━━━ Provided material ━━━

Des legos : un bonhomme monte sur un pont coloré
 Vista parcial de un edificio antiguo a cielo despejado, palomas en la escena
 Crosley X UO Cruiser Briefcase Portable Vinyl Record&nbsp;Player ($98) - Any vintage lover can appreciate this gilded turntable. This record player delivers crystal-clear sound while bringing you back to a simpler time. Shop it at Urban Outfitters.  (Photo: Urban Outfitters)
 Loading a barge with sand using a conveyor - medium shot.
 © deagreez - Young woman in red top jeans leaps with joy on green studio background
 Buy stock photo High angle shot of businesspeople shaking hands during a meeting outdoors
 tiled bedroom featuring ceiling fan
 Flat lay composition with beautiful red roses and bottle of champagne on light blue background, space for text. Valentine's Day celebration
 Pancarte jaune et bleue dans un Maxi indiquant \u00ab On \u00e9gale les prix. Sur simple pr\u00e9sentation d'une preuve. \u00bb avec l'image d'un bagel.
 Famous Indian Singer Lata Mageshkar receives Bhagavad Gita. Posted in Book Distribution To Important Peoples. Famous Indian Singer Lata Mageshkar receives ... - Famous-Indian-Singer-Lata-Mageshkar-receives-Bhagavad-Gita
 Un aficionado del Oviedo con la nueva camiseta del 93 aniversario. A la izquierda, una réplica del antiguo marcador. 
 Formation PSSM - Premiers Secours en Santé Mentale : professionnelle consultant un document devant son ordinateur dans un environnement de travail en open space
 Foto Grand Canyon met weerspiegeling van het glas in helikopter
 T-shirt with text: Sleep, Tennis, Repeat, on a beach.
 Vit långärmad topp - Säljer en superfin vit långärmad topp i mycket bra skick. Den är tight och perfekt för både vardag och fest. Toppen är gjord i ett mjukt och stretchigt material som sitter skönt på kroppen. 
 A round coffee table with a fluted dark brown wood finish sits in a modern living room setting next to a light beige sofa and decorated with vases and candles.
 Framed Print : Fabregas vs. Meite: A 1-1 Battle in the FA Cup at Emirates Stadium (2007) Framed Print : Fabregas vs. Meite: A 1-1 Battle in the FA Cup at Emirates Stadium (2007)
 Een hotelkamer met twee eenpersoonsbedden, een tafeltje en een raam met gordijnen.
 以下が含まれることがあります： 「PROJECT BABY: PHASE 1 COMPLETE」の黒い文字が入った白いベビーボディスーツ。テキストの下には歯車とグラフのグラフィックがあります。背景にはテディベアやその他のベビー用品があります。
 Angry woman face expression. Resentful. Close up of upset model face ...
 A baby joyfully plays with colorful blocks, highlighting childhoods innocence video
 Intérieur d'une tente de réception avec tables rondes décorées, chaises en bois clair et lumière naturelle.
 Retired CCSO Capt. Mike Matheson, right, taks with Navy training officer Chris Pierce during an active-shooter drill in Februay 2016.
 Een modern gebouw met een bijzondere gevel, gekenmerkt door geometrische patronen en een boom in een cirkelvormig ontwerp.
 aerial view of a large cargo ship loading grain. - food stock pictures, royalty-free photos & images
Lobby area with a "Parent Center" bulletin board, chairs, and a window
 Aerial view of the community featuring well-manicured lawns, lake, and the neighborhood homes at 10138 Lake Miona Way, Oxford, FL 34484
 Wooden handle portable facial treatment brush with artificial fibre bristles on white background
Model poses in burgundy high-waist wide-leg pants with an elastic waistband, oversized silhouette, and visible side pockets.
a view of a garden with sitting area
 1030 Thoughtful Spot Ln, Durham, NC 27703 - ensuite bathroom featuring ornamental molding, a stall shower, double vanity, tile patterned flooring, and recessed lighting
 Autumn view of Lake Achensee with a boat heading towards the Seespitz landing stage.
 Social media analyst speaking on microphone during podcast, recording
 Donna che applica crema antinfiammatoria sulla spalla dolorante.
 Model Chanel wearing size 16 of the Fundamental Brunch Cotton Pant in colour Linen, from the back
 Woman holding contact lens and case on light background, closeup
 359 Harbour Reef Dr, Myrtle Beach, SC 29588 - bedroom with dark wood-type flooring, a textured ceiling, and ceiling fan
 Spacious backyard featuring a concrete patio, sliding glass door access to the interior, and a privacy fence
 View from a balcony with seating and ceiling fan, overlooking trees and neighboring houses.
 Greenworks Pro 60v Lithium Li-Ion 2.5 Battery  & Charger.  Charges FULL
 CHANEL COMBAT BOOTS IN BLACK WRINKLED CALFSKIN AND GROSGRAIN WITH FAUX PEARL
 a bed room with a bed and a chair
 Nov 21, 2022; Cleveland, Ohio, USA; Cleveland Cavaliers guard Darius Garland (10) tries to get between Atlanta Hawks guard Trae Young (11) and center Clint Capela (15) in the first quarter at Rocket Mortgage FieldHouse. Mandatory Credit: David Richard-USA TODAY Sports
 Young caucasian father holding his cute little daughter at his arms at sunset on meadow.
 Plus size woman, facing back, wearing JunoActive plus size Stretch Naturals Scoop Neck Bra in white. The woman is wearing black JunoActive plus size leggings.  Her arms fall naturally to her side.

━━━

What to produce: Repeat, word for word, the lines above between the line holding "aerial view of a" and the line holding "Aerial view of the", inclusive; omit everything else.

Final answer:
 aerial view of a large cargo ship loading grain. - food stock pictures, royalty-free photos & images
Lobby area with a "Parent Center" bulletin board, chairs, and a window
 Aerial view of the community featuring well-manicured lawns, lake, and the neighborhood homes at 10138 Lake Miona Way, Oxford, FL 34484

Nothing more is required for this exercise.